4. ‘Boogie Woogie’ Jimmy Valiant
I’d seen a few NWA tapes of Valiant fighting Paul Jones and considered him pretty obnoxious and annoying. After watching his Memphis antics, both as a face and a heel, I’ve come around on the guy. Valiant actually got a pretty decent figure from Jakks, but a Mattel version that’s scaled worth anything would be a dream.
3. Dutch Mantell
The current Zeb Coulter was one of those ornery, hard-nosed wrestlers every promotion has to have on its roster. Mattel could perfect its hair painting techniques with Dirty Dutch just so long as he comes with a hat and a bullwhip. With a lot of work, maybe Mattel’s Zeb figure could be customized, but to spare me the trouble, let’s just get the figure from Dutch’s glory days.
2. Austin Idol
Don’t write the Idol off as just another platinum-dyed Ric Flair wannabee. Idol was pretty tough and tremendous in his own right doing promos. Whether as Jerry Lawler’s staunchest ally or toughest opponent, Idol is definitely someone that probably isn’t on most collectors’ Top 100 list, but Memphis fans definitely would rush to get this classic star
Right next to the Road Warriors, the Fabulous Ones are one of the most influential and important tag-teams of the ’80s. Unlike Hawk and Animal, Stan Lan and Steve Keirn don’t get nearly enough credit.
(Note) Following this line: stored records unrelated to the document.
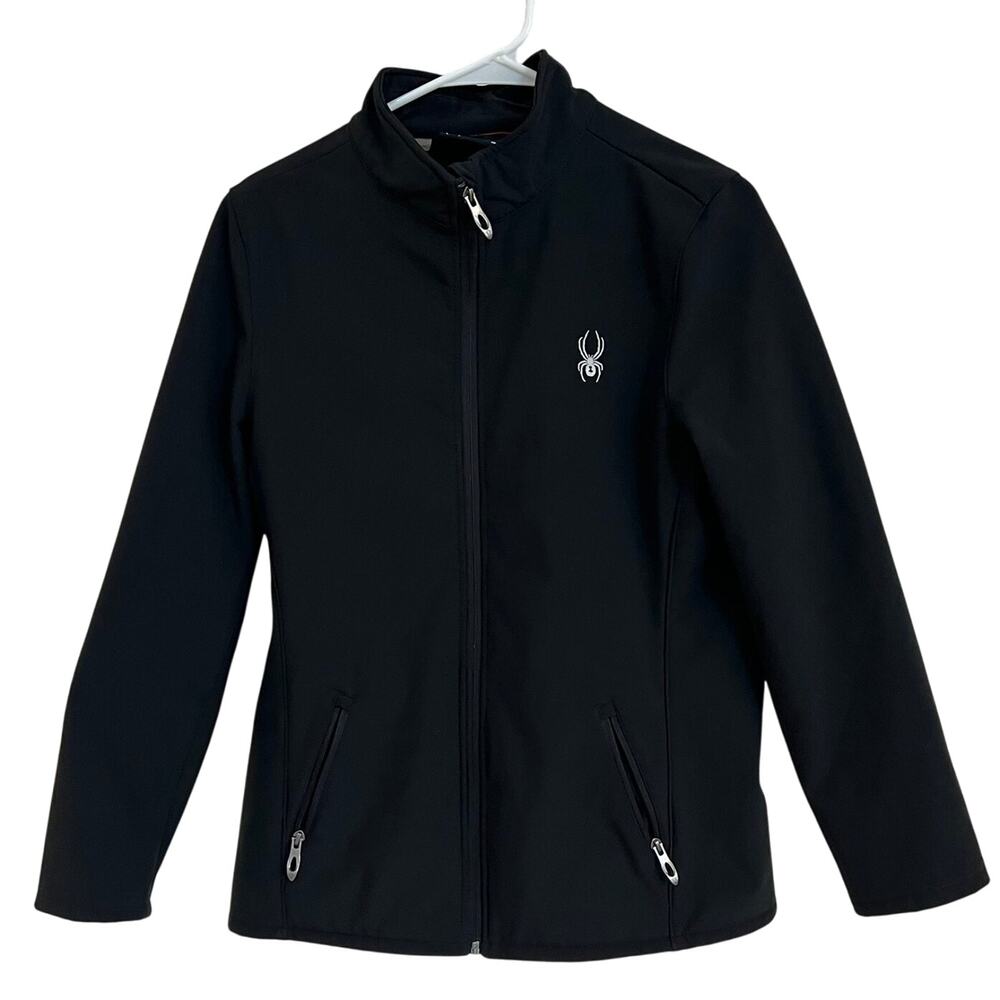 Spyder Jacket Women's Medium Black Water-Resistant Full Zip RN#130323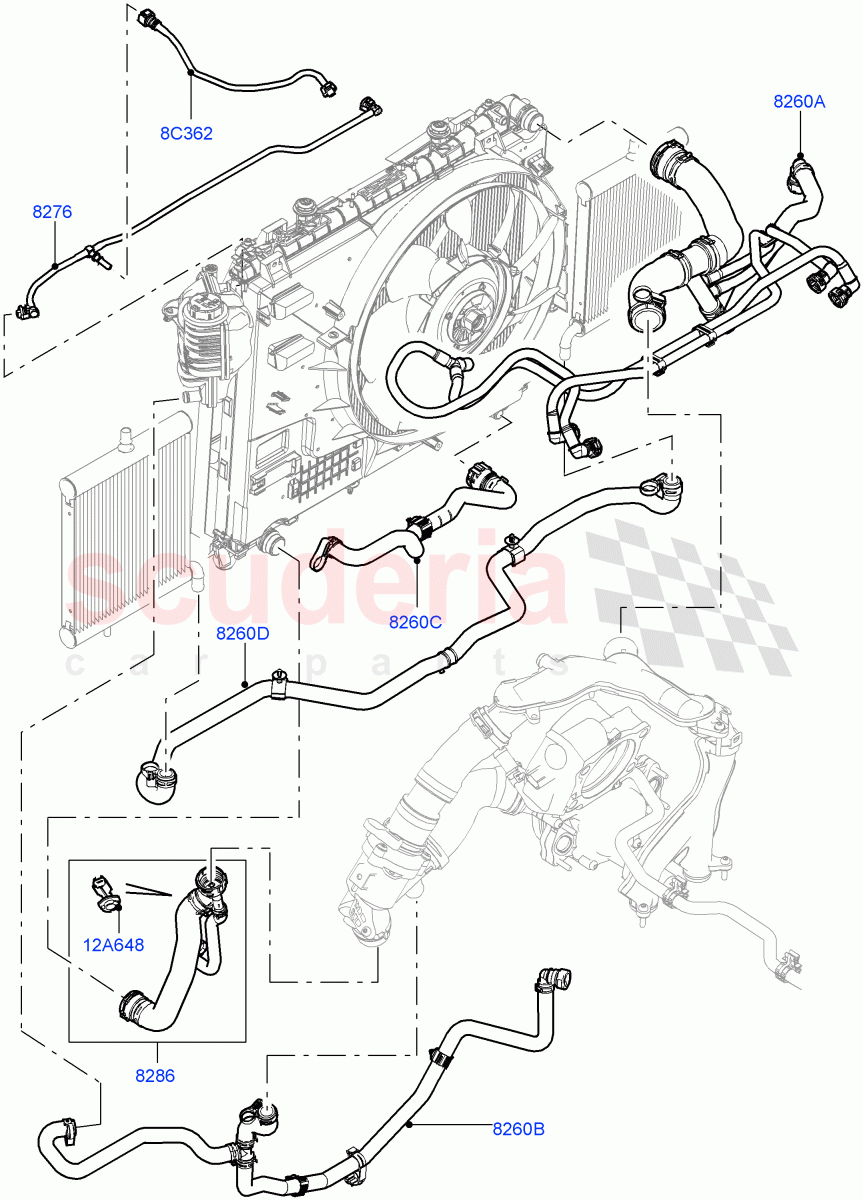 Cooling System Pipes And Hoses (5.0L P AJ133 DOHC CDA S/C Enhanced, 5.0L OHC SGDI SC V8 Petrol - AJ133, 5.0 Petrol AJ133 DOHC CDA) ((V) TOJA999999) of Land Rover Land Rover Range Rover Sport (2014+) [5.0 OHC SGDI SC V8 Petrol]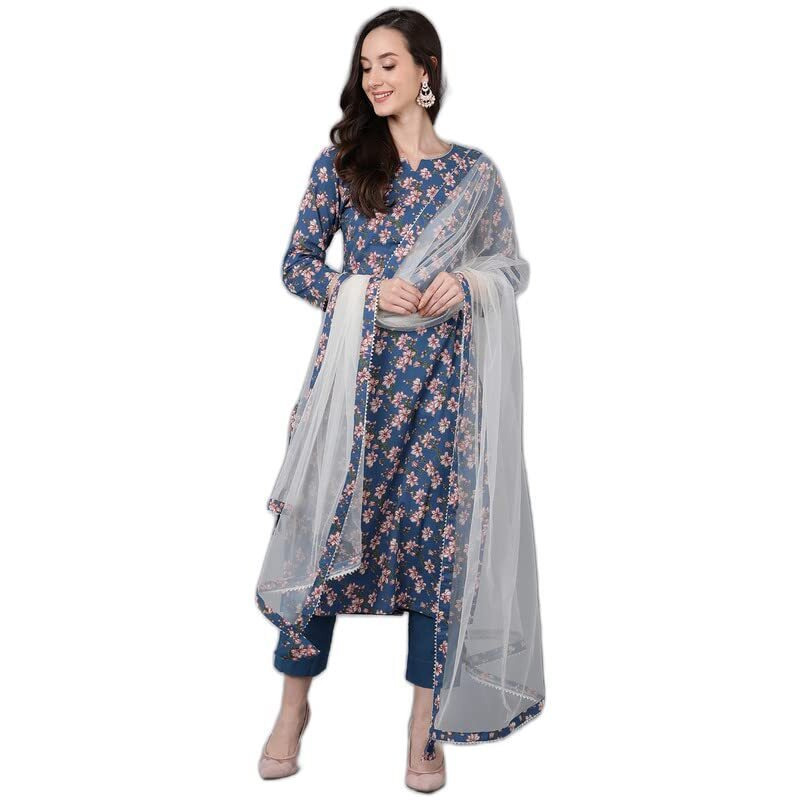 Vaamsi Women's Floral Printed Kurta Trousers With Dupatta (VKSKD1601_XL_Blue)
They were essentially the first “pretty-boy” tag-team that played up their sex-symbol status so every female in attendance wanted a piece of them, but at the same time being hardcore-enough brawlers that the male contingent didn’t hold it against them. The Fabs were the blueprint for teams like the Rock n Roll Express (who were put together to be a draw on cards the Fabs weren’t appearing), the Midnight Express, the Fantastics, the Midnight Rockers, and more.
Give them the full works with hats, cloth jackets, and bow ties and let them run wild on our Mattel tag team collection.
Alright, so that’s my picks. Which one figure would you love to see Mattel actually take a crack at releasing?